そこで私も決断を迫られた――現政治、経済体制にとって子どもの集団避難は触れてはならないタブーだという事実にどう立ち向かうのかである。しばし黙考した結論は次のことだった。もし汚染地の子どもたちを集団避難したために、日本の政治、経済体制が根底から揺らぐんだったら、それでもしょうがないじゃないか、今の政治、経済体制が原発事故で命と健康を脅かされている子どもたちの命と健康を守れないようなものなら、そんなものは粗大ゴミとして退場してもらうしかないんじゃないか。それをハッキリ表明すべきだ、と。と同時に、そのときこそ広場にみんなで集まって、粗大ゴミの今の政治、経済体制に代わって、子どもたちの命と健康を守り抜けるような、人間が人間として尊重され、大切にされるような政治、経済体制に作り変えていくために智慧を絞り、すべての希望を注ぎ込むしかないのではないかと。そのためなら、どんなに時間をかけてもかけるだけの甲斐のある取り組みなのではないか。それが本当の「チェンジ」、本当の「大改革」なのではないか、と。
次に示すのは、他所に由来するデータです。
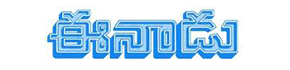 Services Advertisement in Eenadu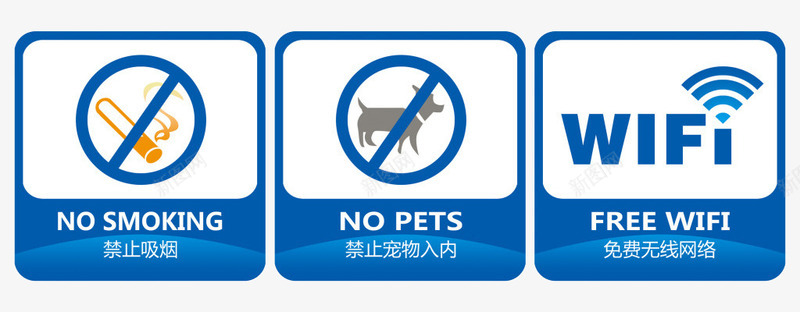 蓝色禁止携带宠物标志图标png_新图网 https://ixintu.com 宠物 标志 禁止宠物 设计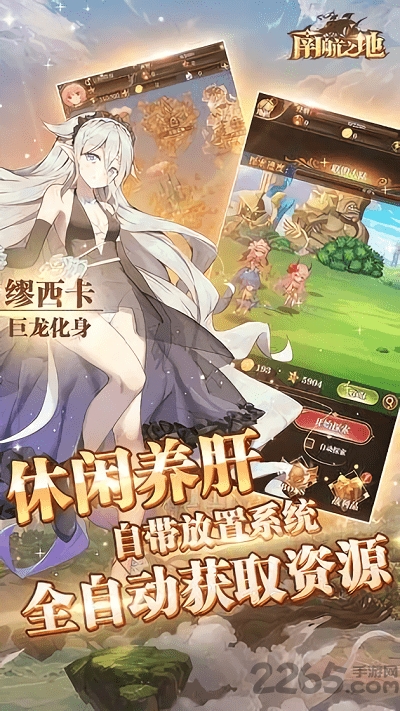 南航之地公益服下载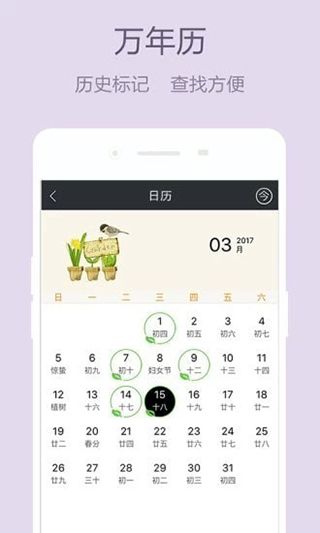 美日记app手机赚钱软件截图4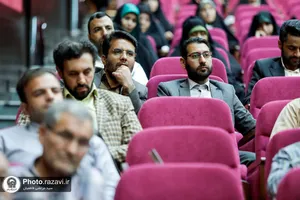 دوره آموزشی حسنه ماندگار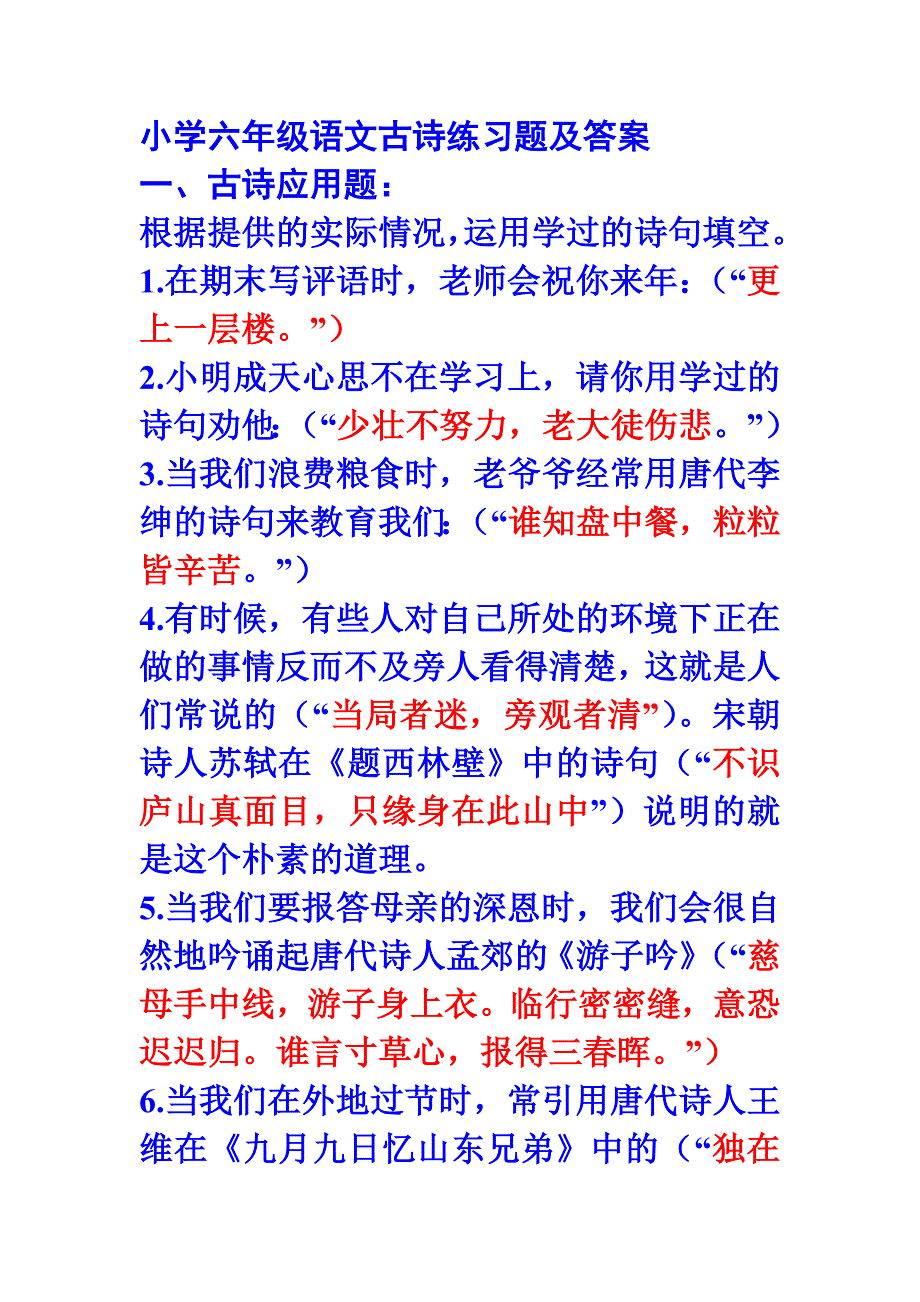 小学六年级语文古诗练习题及答案_第1页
昨夏のモントリオール訪問で、この心地よい夏が半年後には零下40度の厳寒になると言われた時、どうやってそこまで冷えるのか信じられませんでした。しかし今、それが現実のモントリオールです。私たちの目には見えない地球の傾き(地軸)が厳寒のモントリオールをもたらしたのです。政治、経済の仕組みはこの地軸みたいなものです。私たちの目に見えないところで、政治、経済の仕組みが原発事故で命と健康を脅かされている子どもたちの救済の妨げをもたらしているのであれば、少なくとも救済の妨げになっている側面を除去するよう、その仕組みを改めるしかありません――しかし、そんなことが果して可能なのだろうか。100年前、中国が最も暗い時代に魯迅はこう言いました。
「いかなる暗黒が思想の流れをせきとめようとも、いかなる悲惨が社会に襲いかかろうとも、いかなる罪悪が人道をけがそうとも、完全を求めてやまない人類の潜在力は、それらの障害物を踏みこえて前進せずにはいない。‥‥道とは何か。それは、道のなかったところに踏み作られたものだ。いばらばかりのところに開拓してできたもの」である、と(「随感録」)。

 それよりさらに2400年前、古代ギリシャで、ひとりの男が、議会ではなく広場に出て、公人となるのではなく私人として、誰彼となく市民に話しかけ、人々を問答に巻き込み、人々が陥っている虚偽の前提を論破し、人々が自ら真理に到達するように正義のために戦いました。ソクラテスです。彼のような人物が道のなかったところに道を踏み出したおかげで、その後の歴史の中で、人々は綿々と、広場で意見表明し、討論することの意義を知り、実行に挑戦し、その質量を高めていったのだということを、昨夏のモントリオールに集まった世界市民を目の当たりにして思いました。

 2500年後の私たちも、広場で、誰彼となく市民に話しかけ、人々を問答に巻き込み、今なお緊急事態宣言下にある日本(この6年間で福島化した日本)の最優先課題である汚染地の子どもたちの集団避難の問題の解決について、虚偽の前提を論破しながら、真実に沿った解決策を共に探求し、正義にかなった救済の実現に向けて訴えていきたいと思います。それが来たる3月4日の新宿デモ「子どもを被ばくから守ろう! 住宅補償の継続を!」です。